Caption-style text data

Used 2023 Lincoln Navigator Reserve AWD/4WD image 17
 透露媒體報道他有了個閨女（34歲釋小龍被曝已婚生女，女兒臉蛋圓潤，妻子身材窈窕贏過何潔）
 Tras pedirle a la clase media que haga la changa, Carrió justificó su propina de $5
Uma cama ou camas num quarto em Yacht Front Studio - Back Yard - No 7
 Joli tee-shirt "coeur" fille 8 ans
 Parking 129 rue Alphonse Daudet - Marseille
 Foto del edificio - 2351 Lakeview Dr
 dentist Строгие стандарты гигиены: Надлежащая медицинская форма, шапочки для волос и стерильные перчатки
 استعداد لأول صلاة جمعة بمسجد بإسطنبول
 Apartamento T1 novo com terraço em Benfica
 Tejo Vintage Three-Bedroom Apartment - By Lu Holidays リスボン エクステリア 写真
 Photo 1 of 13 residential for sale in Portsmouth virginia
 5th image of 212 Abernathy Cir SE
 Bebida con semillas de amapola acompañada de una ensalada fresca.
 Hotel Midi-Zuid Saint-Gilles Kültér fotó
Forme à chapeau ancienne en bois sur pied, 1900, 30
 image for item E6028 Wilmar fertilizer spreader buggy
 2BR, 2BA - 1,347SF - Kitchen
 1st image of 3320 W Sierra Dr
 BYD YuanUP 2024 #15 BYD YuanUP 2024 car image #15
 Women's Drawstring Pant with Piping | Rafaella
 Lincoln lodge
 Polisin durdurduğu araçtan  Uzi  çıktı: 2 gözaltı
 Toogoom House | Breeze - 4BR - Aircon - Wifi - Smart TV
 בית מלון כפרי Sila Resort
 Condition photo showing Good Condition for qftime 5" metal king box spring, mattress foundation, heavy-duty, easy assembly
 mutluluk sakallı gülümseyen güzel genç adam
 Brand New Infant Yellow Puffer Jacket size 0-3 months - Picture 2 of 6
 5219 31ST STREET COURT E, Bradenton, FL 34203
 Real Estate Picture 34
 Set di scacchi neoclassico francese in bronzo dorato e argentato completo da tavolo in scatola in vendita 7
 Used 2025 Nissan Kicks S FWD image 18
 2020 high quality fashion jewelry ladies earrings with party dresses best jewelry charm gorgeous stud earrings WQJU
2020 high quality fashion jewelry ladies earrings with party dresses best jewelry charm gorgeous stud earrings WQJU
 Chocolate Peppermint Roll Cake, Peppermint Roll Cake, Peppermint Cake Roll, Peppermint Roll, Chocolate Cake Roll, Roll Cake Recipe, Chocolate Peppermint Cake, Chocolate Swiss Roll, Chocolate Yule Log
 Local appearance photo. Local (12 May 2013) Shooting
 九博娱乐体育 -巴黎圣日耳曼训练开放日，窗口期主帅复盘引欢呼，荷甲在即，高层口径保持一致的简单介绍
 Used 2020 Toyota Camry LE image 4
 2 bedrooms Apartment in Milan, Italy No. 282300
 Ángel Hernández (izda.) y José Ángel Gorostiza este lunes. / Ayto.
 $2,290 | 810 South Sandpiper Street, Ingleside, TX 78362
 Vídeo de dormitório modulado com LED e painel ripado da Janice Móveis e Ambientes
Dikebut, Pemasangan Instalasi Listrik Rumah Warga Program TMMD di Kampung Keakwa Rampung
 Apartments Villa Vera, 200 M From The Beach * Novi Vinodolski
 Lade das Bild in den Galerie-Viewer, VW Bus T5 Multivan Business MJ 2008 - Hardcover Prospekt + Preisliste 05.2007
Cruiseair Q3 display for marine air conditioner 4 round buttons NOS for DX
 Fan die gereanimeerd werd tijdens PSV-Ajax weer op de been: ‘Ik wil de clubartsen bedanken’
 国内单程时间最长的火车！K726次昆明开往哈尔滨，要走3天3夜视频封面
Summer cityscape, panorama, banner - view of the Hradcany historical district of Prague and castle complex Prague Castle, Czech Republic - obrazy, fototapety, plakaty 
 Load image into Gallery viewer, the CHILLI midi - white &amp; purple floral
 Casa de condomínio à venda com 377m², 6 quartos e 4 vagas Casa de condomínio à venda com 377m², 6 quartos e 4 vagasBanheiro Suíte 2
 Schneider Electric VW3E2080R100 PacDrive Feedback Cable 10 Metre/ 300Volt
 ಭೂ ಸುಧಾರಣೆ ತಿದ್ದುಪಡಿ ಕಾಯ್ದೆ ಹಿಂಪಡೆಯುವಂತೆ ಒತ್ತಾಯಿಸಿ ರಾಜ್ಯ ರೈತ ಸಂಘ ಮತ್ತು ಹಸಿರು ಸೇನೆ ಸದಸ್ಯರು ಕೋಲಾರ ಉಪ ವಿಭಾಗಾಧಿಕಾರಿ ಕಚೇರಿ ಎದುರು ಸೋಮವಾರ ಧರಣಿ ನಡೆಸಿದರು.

### Work order
Which lines above run from the one containing "Dikebut, Pemasangan Instalasi" down to the one containing "国内单程时间最长的火车！K726次昆明开往哈尔滨，要走3天3夜视频封面"? Repeat exactly those, both ends included, and nothing else.

### Reply
Dikebut, Pemasangan Instalasi Listrik Rumah Warga Program TMMD di Kampung Keakwa Rampung
 Apartments Villa Vera, 200 M From The Beach * Novi Vinodolski
 Lade das Bild in den Galerie-Viewer, VW Bus T5 Multivan Business MJ 2008 - Hardcover Prospekt + Preisliste 05.2007
Cruiseair Q3 display for marine air conditioner 4 round buttons NOS for DX
 Fan die gereanimeerd werd tijdens PSV-Ajax weer op de been: ‘Ik wil de clubartsen bedanken’
 国内单程时间最长的火车！K726次昆明开往哈尔滨，要走3天3夜视频封面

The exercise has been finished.